Solomon Schechter

From New World Encyclopedia
Solomon Schechter studying documents from the Cairo Geniza, c. 1895.

Solomon Schechter שניאור זלמן שכטר (December 7, 1847- November 19, 1915) was a Romanian born English and American rabbi, academic scholar, and educator, most famous for his roles as founder of Conserative Judaism President of the Jewish Theological Seminary of America.

Schechter came to England as a tutor of Claude Montefiore and won fame for his discoveries of important ancient manuscripts at the Cairo Geniza in 1896. He became the president of the Jewish Theological Seminary (JTS)in New York in 1902 and soon became the leading voice of the emerging movement of Conservative Judaism as a middle ground between the staunch traditionalism of Orthodoxy and the liberalism of the Reform movement. In 1913, shortly after retiring form his post at JTS, Schechter formed the United Synagogue of America, later renamed as the United Synagogue of Conservative Judaism, which became for many decades the largest Jewish denomination in the US. He died in 1915.

Early life

Schechter was born in Focşani to a Jewish Romanian family adhering to the Chabad branch of Hasidic Judaism. Schechter received his early education from his father who was a shochet ("ritual slaughterer"). Reportedly, he learned to read Hebrew by age three, and by five mastered Chumash, the classic commentaries of the Hebrew Bible. He went to a yeshiva in Piatra Neamţ at age ten and 13 studied with one of the major Talmudic scholars, Rabbi Joseph Saul Nathanson of Lemberg.

Kings College, Cambridge

In his twenties he went to the rabbinical college in Vienna, where he studied under the more modern Talmudic scholar Meir Friedmann. (WEISS) He also attended lectures on philosophy and other secular branches of learning in the University of Vienna. After receiving his rabbinical diploma, he moved on to undertake further studies at the Berlin Hochschule für die Wissenschaft des Judentums and at the University of Berlin in 1879. Three years later he was invited to England to be tutor of rabbinics to Claude Montefiore in London.

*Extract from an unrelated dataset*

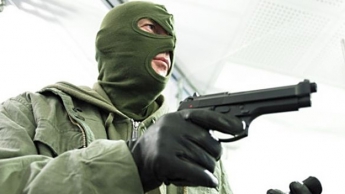 В Запорожье вооруженный мужчина ограбил кредитный центр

In 1885, his essay, "The Study of the Talmud," appeared in the Westminster Review. In 1887 he published his edition of Abot de-Rabbi Natan, and went on to wrote various essays and lectures in the Jewish Chronicle, Jewish Quarterly Review, Revue des Etudes Juives, and Monatsschrift. Some of these lectures and essays were afterward collected and published under the title Studies in Judaism (1896). In 1890 Schechter was elected lecturer in Talmud at the University of Cambridge, and in 1891 the horary degree of M.A. was conferred upon him.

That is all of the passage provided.